Section 2 of the FAA states that a written arbitration agreement "shall be valid, irrevocable, and enforceable, save upon such grounds as exist at law or in equity for the revocation of any contract." 9 U.S.C. § 2. "Before compelling a party to arbitrate pursuant to the FAA, a court must determine that (1) there is an agreement to arbitrate and (2) the dispute at issue falls within the scope of that agreement." Century Indem. Co. v. Certain Underwriters at Lloyd's, London, 584 F.3d 513, 523 (3d Cir. 2009) (citing Kirleis v. Dickie, McCamey & Chilcote, P.C., 560 F.3d 156, 160 (3d Cir. 2009)). The question of whether the parties agreed to arbitrate is governed by state law principles regarding formation of contracts. First Options of Chicago, Inc. v. Kaplan, 514 U.S. 938, 944 (1995).

Under New Jersey law, an arbitration agreement "must reflect that an employee has agreed clearly and unambiguously to arbitrate the disputed claim. Generally, [the court] determine[s] a written agreement's validity by considering the intentions of the parties as reflected in the four corners of the written instrument." Leodori v. CIGNA Corp., 814 A.2d 1098, 1104 (N.J. 2003).

The issue in the instant action is whether Defendant agreed clearly and unambiguously to arbitrate the underlying dispute. Plaintiff contends that Defendant agreed to arbitrate her claims through her acknowledgment of the Arbitration Program and through her conduct. Defendant argues that the Arbitration Program is not enforceable because the Handbook unequivocally states that it does not create a contract and Plaintiff does not intend to be bound by its policies.

Defendant relies on Woolley v. Hoffman-La Roche, Inc. for the proposition that employment handbooks may create an enforceable agreement of employment terms unless the employer expressly states that the handbook is not a contract. 491 A.2d. 1257 (N.J. 1985). In Leodori, the Supreme Court of New Jersey rejected defendant's argument that plaintiff's receipt of the handbook and continued employment constituted an implied agreement to abide by the arbitration policy. 814 A.2d at 1105. The Leodori court found the employer's reliance on Woolley misplaced because Woolley's implied-contract doctrine "focuses on an employer's obligation to its employees, not vice versa." Id. Additionally, the court noted that Woolley was inapplicable because the opening page of the handbook stated that defendant could terminate employment at any time for any reason. Id. at 1106. The court then found the arbitration provision in the handbook unenforceable under traditional contract principles due to the absence of plaintiff's signature on the acknowledgment form that accompanied the handbook or any other explicit indication that plaintiff intended to be bound by the arbitration provision. Id. at 1107. Finally, the court noted that "the acknowledgment form that plaintiff did sign would have sufficed as concrete proof of a waiver had it stated that the employee had agreed to the more detailed arbitration provision contained in the handbook. (The acknowledgment form states only that plaintiff had 'received' the handbook, not that he had 'agreed' to its terms.)" Id.

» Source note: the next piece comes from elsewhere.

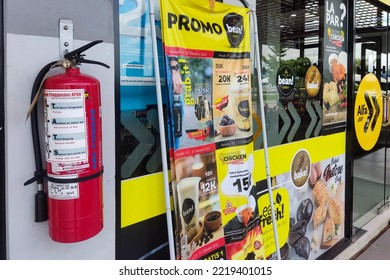 Fire Extinguisher On The Wall Of A Convenience Store. Kendal, Central Java, Indonesia 27 October 2022.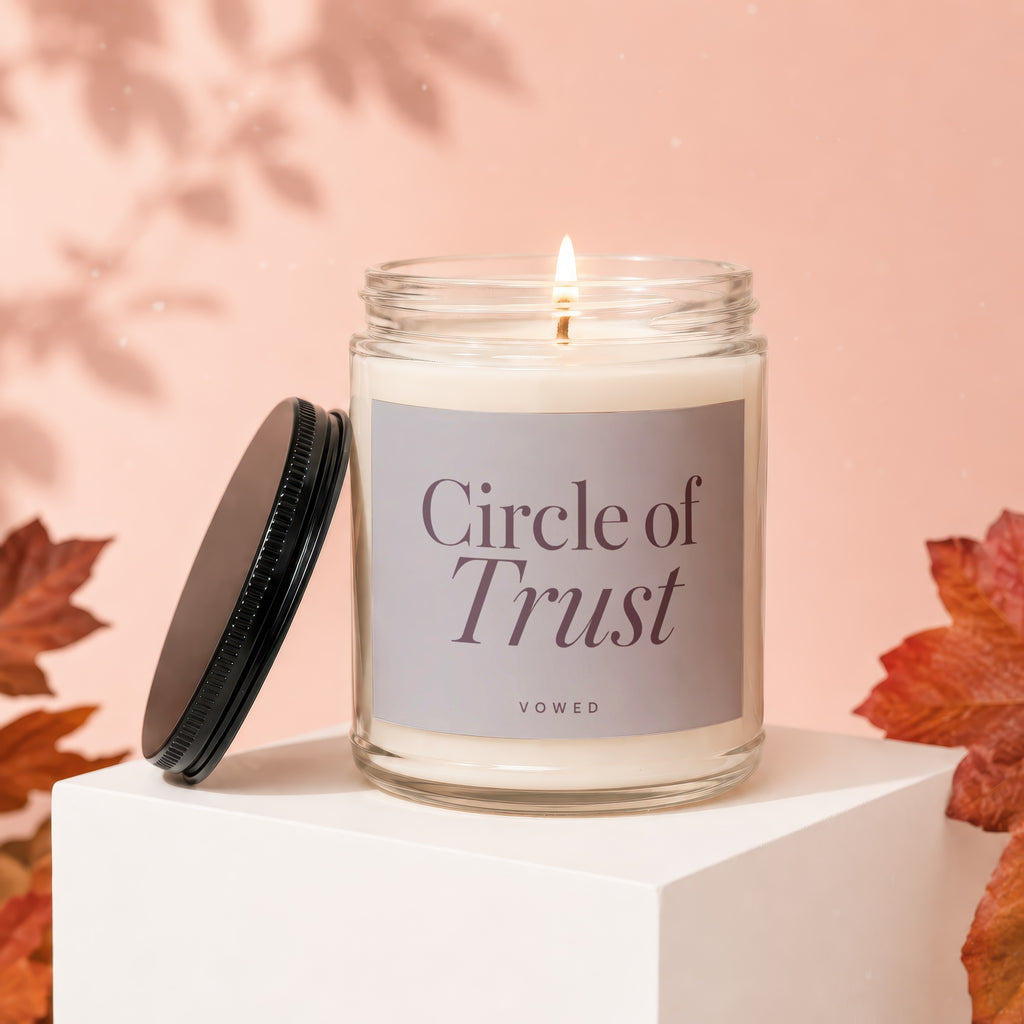 Lit glass candle with "Circle of Trust" label next to lid, autumnal leaves.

Plaintiff contends that Leodori imposes a stricter standard for arbitration provisions than applies to other contracts and such a heightened standard is preempted by the FAA. However, the Leodori court expressly stated that it was applying "familiar contract principles." Id. at 1106. The Court agrees with Defendant that Woolley and Leodori remain good law and control here. See Molloy v. Am. Gen. Life Cos., Civ. 05-4547 (MLC), 2006 WL 2056848, at *4 (D.N.J. July 21, 2006) (rejecting argument that Leodori is preempted by the FAA).

"When one party, however, presents a contract for signature to another party, the omission of that other party's signature is a significant factor in determining whether the two parties mutually have reached an agreement. Cf. 1 Richard A. Lord, Williston on Contracts § 2:3 (4th ed. 1990) (noting that although party's signature on written contract 'probably' is not required in absence of statute, 'a signature is customary and desirable')." Id.

The instant action does not turn on the absence of Defendant's acknowledgment of the Handbook describing the arbitration program, but on Plaintiff's expansive Woolley disclaimer on the first page of the Handbook. The first page after the table of contents contains the following statement:

THIS HANDBOOK IS NOT A CONTRACT OF EMPLOYMENT.
All associates of the Company are employed on an "at-will" basis, which means that both you and the Company have the right to terminate employment at any time, for any reason or no reason, with or without cause and with or without notice.
Nothing in this Handbook, or any other Company practice or communication or document, including benefit plan descriptions, creates a promise of continued employment, employment contract, term or obligation of any kind on the part of the Company. No manager or associate of the Company has the authority to make promises or statements to the contrary.
This Handbook contains the rules, procedures, policies and practices of Raymour & Flanigan. This Handbook is an overview that is intended to serve as a useful reference guide for you and is intended for informational purposes only.
(Am. Compl. Ex. 9 at 5) (emphasis in original).

The disclaimer language above is far more expansive than that in Leodori, which expressly exempted the employer's arbitration policy:

This handbook does not alter the "at will" status of your employment. Just as you may terminate your employment at any time for any reason, your employment may be terminated at any time for any reason. Except for the arbitration policy mentioned in this handbook, which is a term and condition of your continued employment, the policies and practices set forth herein are for your information and guidance. Things change and there is no guarantee that the policies and practices contained herein will not change in the future. The company reserves the right to alter, amend, and make exceptions to this handbook at any time in its sole discretion, with or without prior notice.
Leodori, 814 A.2d at 1100. The Leodori court found this language sufficient to disclaim "the formation of a Woolley contract" and evidence of the company's intent "to be responsible only for those obligations that it affirmatively had accepted." Id. at 1106. Importantly, no such exception for the Arbitration Program appears in the general disclaimer on the first page of Plaintiff's Handbook.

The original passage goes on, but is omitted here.